As such, the COP26 is a significant moment that will have a bearing on current and future generations of children. In August, a UNICEF report, The Children’s Climate Risk Index (CCRI), shows that nearly every child on the planet is exposed to at least one climate and environmental hazards, such as air pollution, cyclones, flooding heatwaves, and water scarcity.

Africa alone is home to about 490 million children under the age of 18 in 35 who are at the highest risk of suffering the impact of climate change.

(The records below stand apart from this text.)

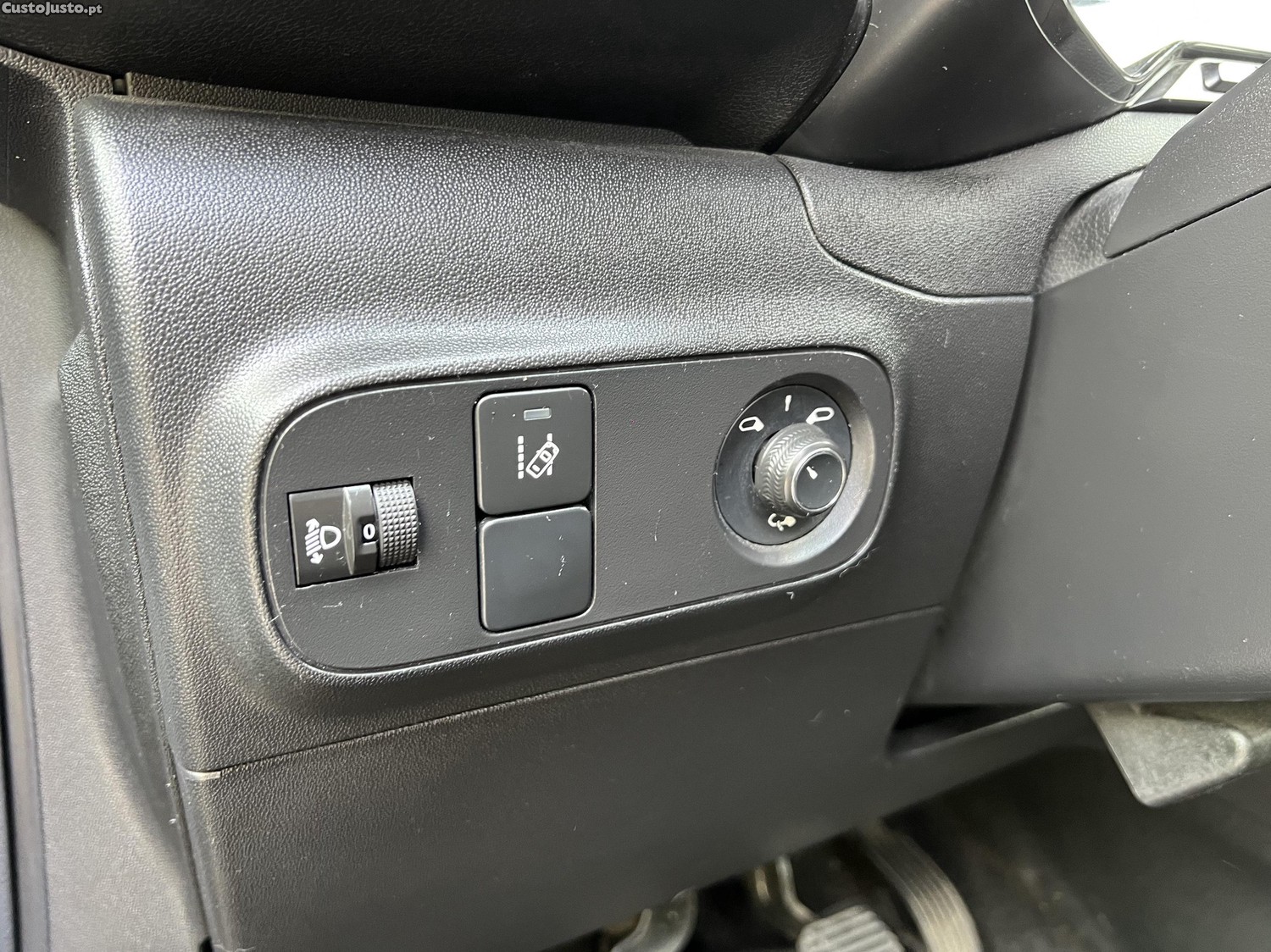 Citroën C3 Elle — fotografia 2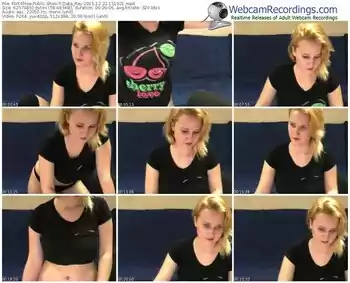 flirt4free-zlata_ray-webcam-show-12_22_2015-15_19_21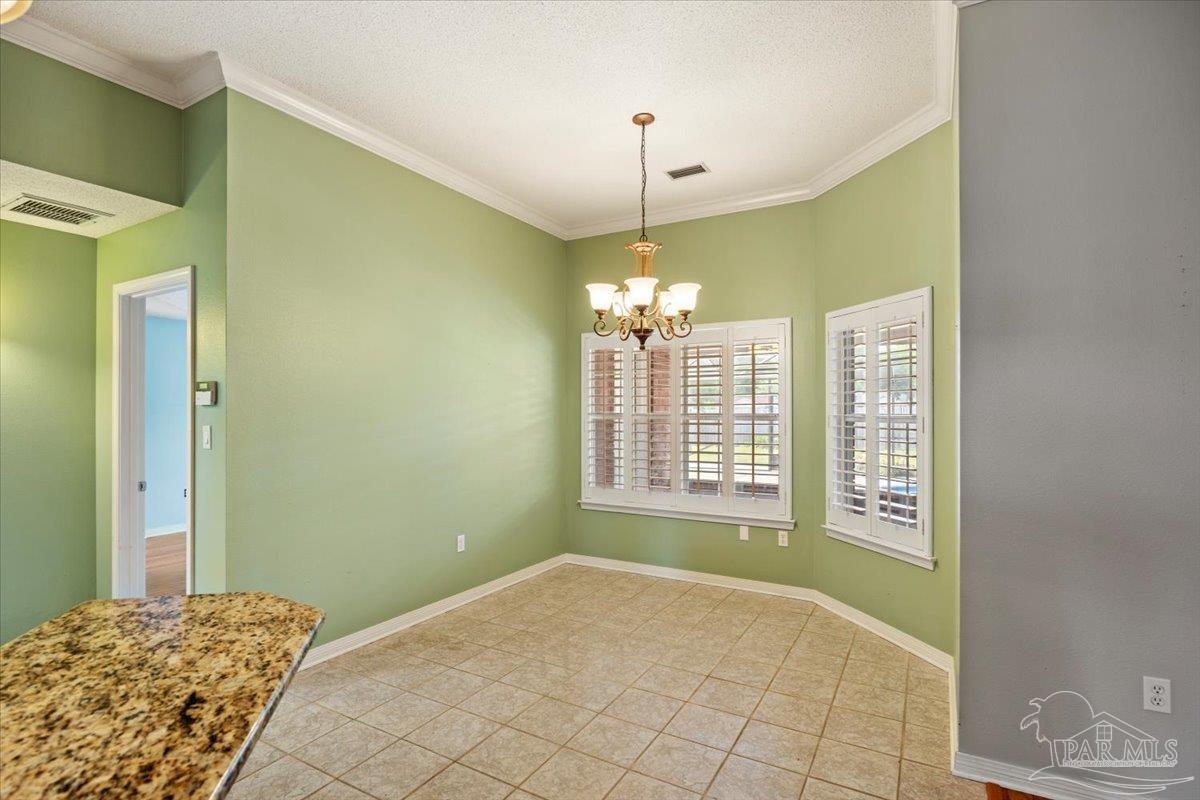 3656 Sawmill Circle Pace, FL 32571 - Photo 25 of 47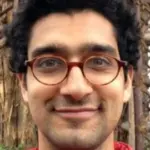 Latif Nasser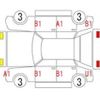 nissan serena 2016 CFJ1626744 image 2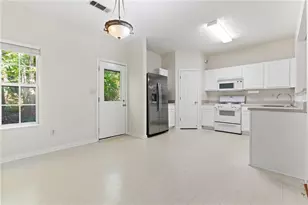 2913 Greyhawk Ln, Cumming, GA 30040 - Photo 16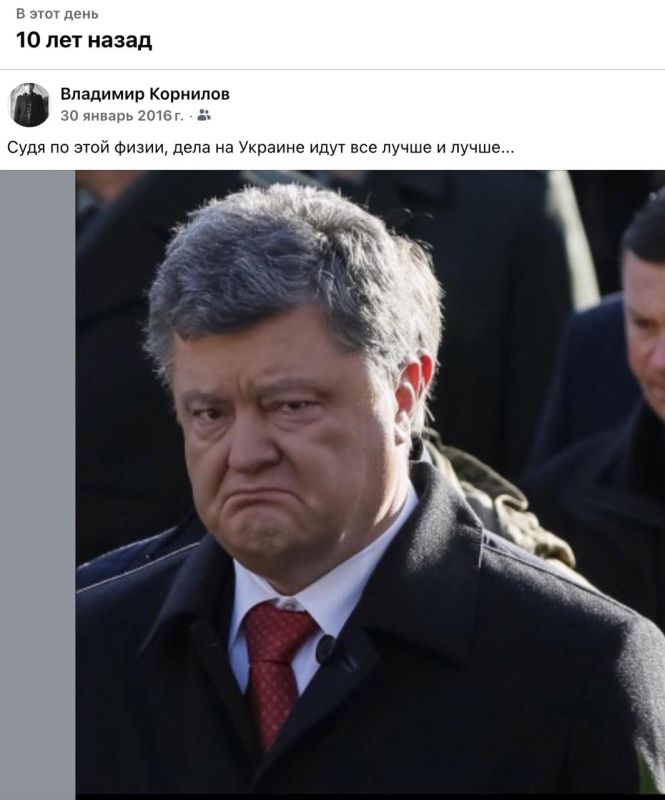 �������� ��������: ���� 10-������ ��������. ���������� ����������, �� ���� �� ������� �������� ��� � ��� �� �����������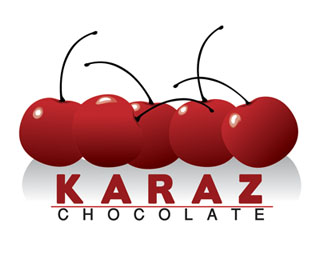 karaz logo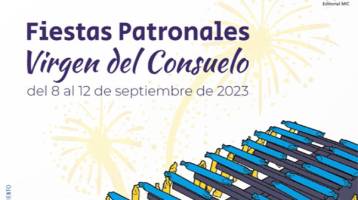 fiestas-de-ciempozuelos-2023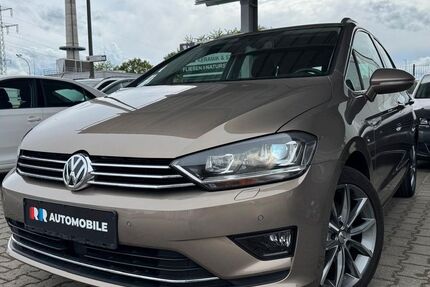 VW Golf 68.000 km 13.790 &euro; Großmehring 85098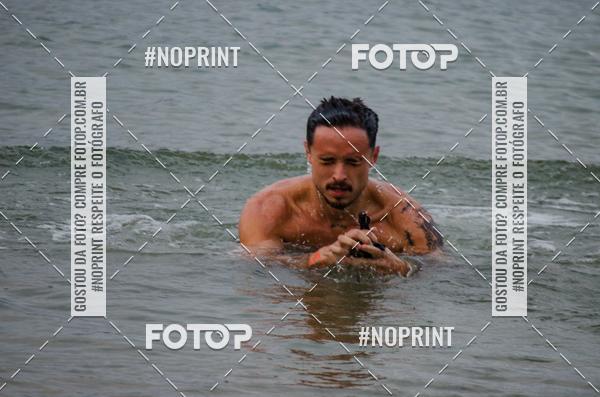 Buy your photos of the event2� ETAPA CIRCUITO OCEAN / NATA��O EM �GUAS ABERTAS  on Fotop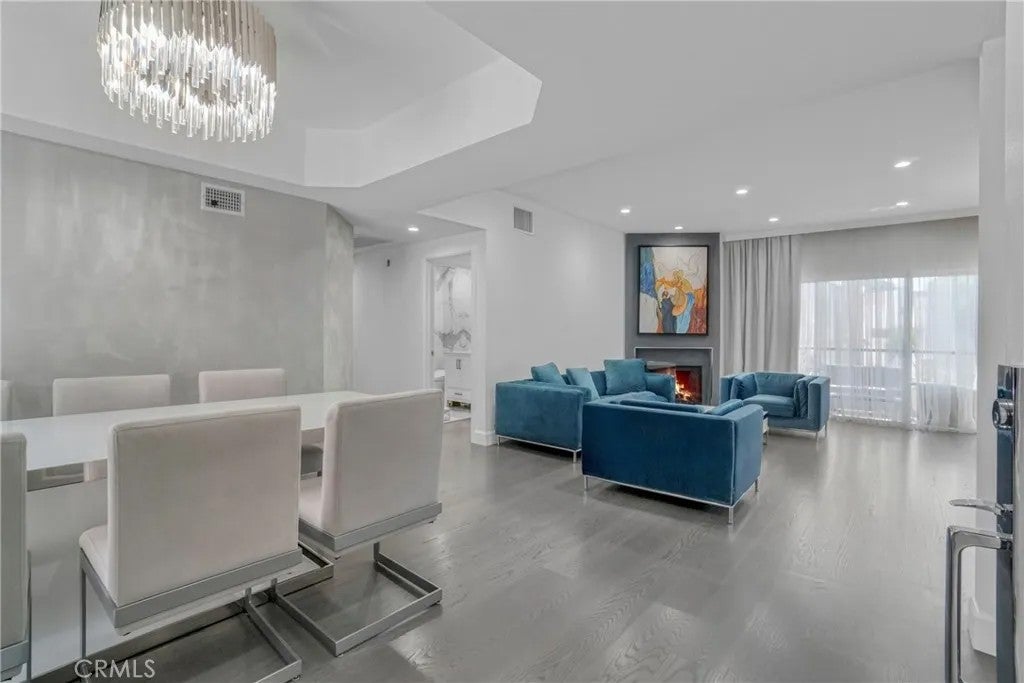 14347 Albers 207 — photo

Approximately 1 billion children – nearly half the world’s children – live in 33 countries classified in the Index as “extremely high-risk”. These children face a deadly combination of exposure to multiple climates and environmental shocks with a high vulnerability due to inadequate essential services, such as water and sanitation, healthcare, and education.

As the world’s most vulnerable to climate change, UNICEF wants to support children and young people’s participation in COP26 as part of efforts to ensure their presence in climate-related decision-making.

Message to leaders at COP26

Children in communities that have contributed the least to global emissions will face the greatest impacts of climate change. Building the resilience of social services that these children will depend upon is critical to reducing the risks they will face.

To this end, governments need to:

  • Deliver on their promise to invest in climate adaptation and resilience in key services- water, sanitation and hygiene systems, health and education- for children
  • Act to reduce greenhouse gas emissions. Beyond mere talks, now is the time for the right climate actions.
  • Provide children with climate education and green skills, critical for their adaptation to and preparation for the effects of climate change.
  • Include young people in all national, regional, and international climate negotiations and decisions.

Despite being the major stakeholder in their outcomes of climate policies, children and young people are underrepresented in such discussions. It’s no doubt frustrating to see youths unable to influence decisions that are critical to their future because they have not been given the platform to do so.

Though young people still call for comprehensive, bold climate action from decision-makers, the action demanded has not materialized to the levels required. Will COP26 prove to be a turning point compelling world leaders to take the right climate actions? One can certainly hope so.